To begin with, "Lucky Numbers" are a sequence of numbers generated by a sieve similar to the Sieve of Eratosthenes for finding primes.
It starts with the set of natural numbers. Begin by selecting the second element (which is two). Now delete every second element (with respect to order). Now move on to the next element in the set. Take this element to be $n$ (which would have been untouched by the previous iteration). Delete every $n^\text{th}$ element in the set. This continues as $n\to\infty$ and what you have left are the "Lucky Primes".
Now because this is recreational mathematics it is usually not taken seriously. They are generated with computers and observed. My question differs.
Is there a rigorous way to approach the "Lucky Numbers"? Such that they can be studied in more detail?
Can properties about them be determined without the sieve? Or are they as "random" as the prime numbers?
Are there similar constructions used in non-recreational mathematics? (Except for the primes).
Finally. Is there anything mildly interesting about them currently? Such as an open question etc.?

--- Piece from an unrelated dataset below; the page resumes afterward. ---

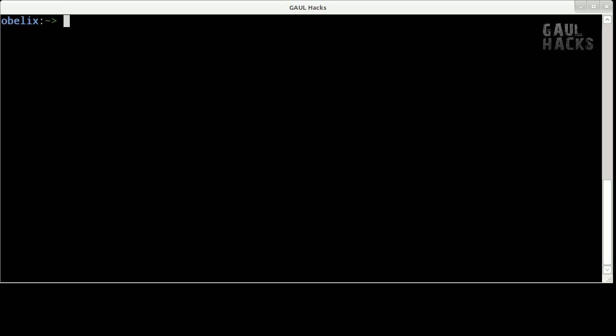Hey everyone, welcome to Gaul Hacks. I'm Jeff Schantz and in this hack we're going to add some color to our ls output.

There are indeed open questions on lucky numbers (see your link), e.g., whether or not there are infinitely many lucky prime numbers, or infinitely many twin lucky numbers. Also the analogue of the Goldbach conjecture is open. It seems to me that one may approach lucky numbers by sieving theory and other tools from prime number theory. The similarity to the behaviour of primes is certainly interesting. The "recreational" aspect is perhaps only mildly interesting - if you are lucky.